World-wide, basketball

tournaments are held at many age levels, such as five to six year olds (usually called biddy-biddy), seven to eight year olds, nine to ten year olds, eleven to thirteen year olds (biddy), teenagers, jr. high-schoolers, high school, college, the professional leagues and master leagues. Tournaments are held at each level for both males and females.

Internationally, the sport is governed by FIBA, the International Basketball Federation. The global popularity of the sport is reflected in the nationalities represented in the NBA. Here are just a few of the outstanding international players who have played or still play in the NBA: Argentina’s Emanuel Ginobili; Serbia and Montenegro’s Vlade Divac, and Peja Stojaković; Croatia’s Toni Kukoč and Dražen Petrović; Lithuania’s Arvydas Sabonis and Sarunas Marciulionis, Germany’s Dirk Nowitzki; Puerto Rico’s Carlos Arroyo; China’s Yao Ming; Canada’s Steve Nash; Australia’s Luc Longley and Spain’s Pau Gasol. Many outstanding international players, including Serbia and Montenegro’s Dejan Bodiroga, past Olympian Oscar Schmidt of Brazil, and recent Lithuanian Olympian Sarunas Jasikevicius, have chosen to decline N.B.A. opportunities.

The game

The object of the game is to outscore their opponents by throwing the ball through their opponents’ basket from above while preventing their opponents from doing so on their own. An attempt to score in this way is called a shot. Two points are scored for a successful shot, three points for a successful long-range shot (6.25 metres from the basket), and one point for each successful free throw.

Playing regulations

At the professional level, games are played in four quarters of 10 (international) or 12 minutes (NBA) each. Games take longer than this allotted game time, since the game clock only runs when the ball is in play. This is called using a stop clock, as the clock stops when the ball is not in play, e.g. it goes out of bounds or a foul is committed. Fifteen minutes are allowed at half-time, and two minutes are allowed at other intervals.

Time-outs and substitutions are permitted during a game. A substitution is that of one player on the court for another on the team bench. A time-out is a clock stoppage requested by the coach of either team, in which he can discuss tactics etc. A time-out lasts one minute in international basketball and either 100 seconds, 60 seconds or 20 seconds in NBA basketball. A limited amound of time-outs is allowed. (In international basketball, 2 time-outs are allowed in the first two periods, 3 in the last two periods, and 1 in each extra period. In NBA basketball, six 100/60-second time-outs are allowed in the entire game of which a maximum of three can be in the last quarter, and 3 100/60-second time-outs in each extra period, as well as one 20-second time-out per half.)

Playing the ball

The ball may be advanced toward the basket by being shot, passed, thrown, tapped, rolled or dribbled. Passing is throwing the ball from player to player. Dribbling is when a single player runs while continuously bouncing the ball. The ball cannot be kicked deliberately or struck with the fist, and must stay within the playing court.

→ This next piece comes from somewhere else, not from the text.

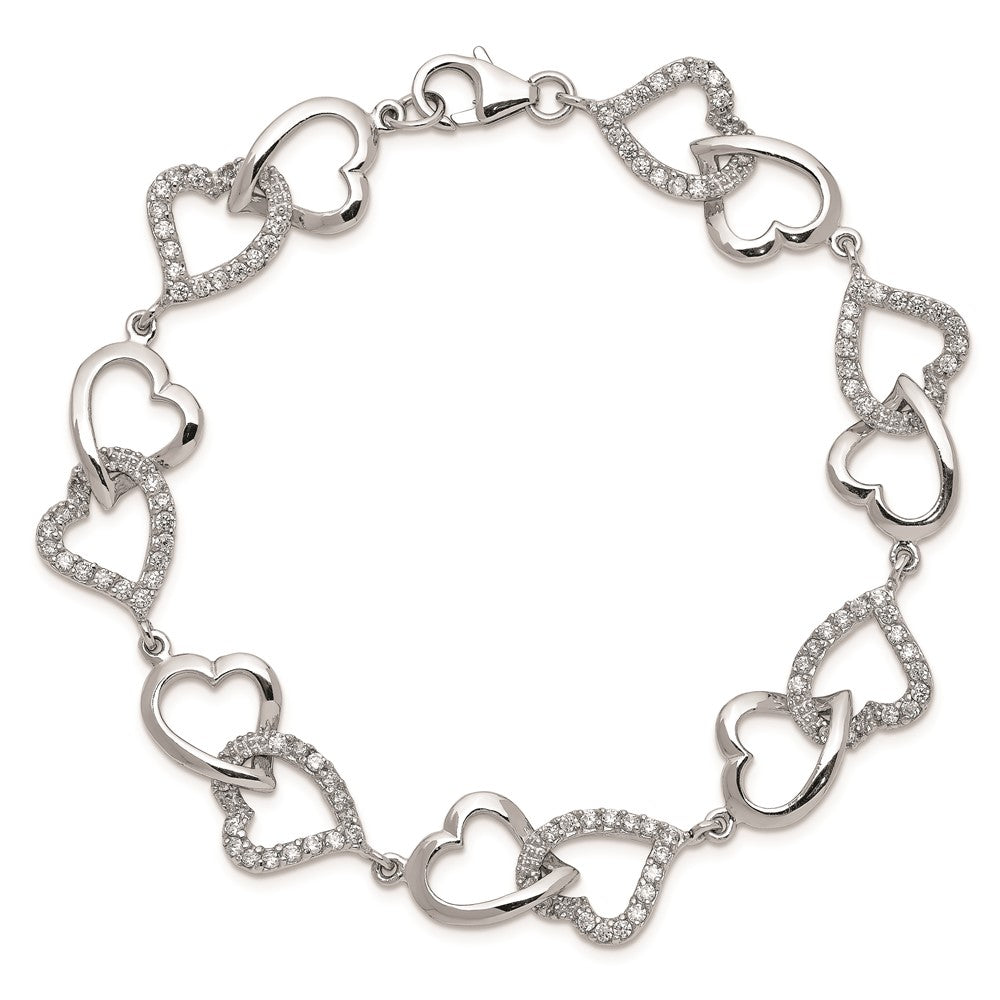 Sterling Silver Rhodium-plated CZ Heart Bracelet 7.75 inches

Running with the ball without bouncing it, or traveling is illegal, as is double dribbling, the act of dribbling with two hands or starting a second dribble after having caught the ball after a first one. In higher levels of basketball time limits are imposed on taking the ball over halfway, and taking a shot. Rules with playing the ball are stricter in the NBA. Contrary to popular belief, there is no limit to the amount of steps a player can take between bounces while dribbling.

To interfere with the ball while on its downward flight for a basket, or while it is bouncing on the basket, is called goal tending and is a violation.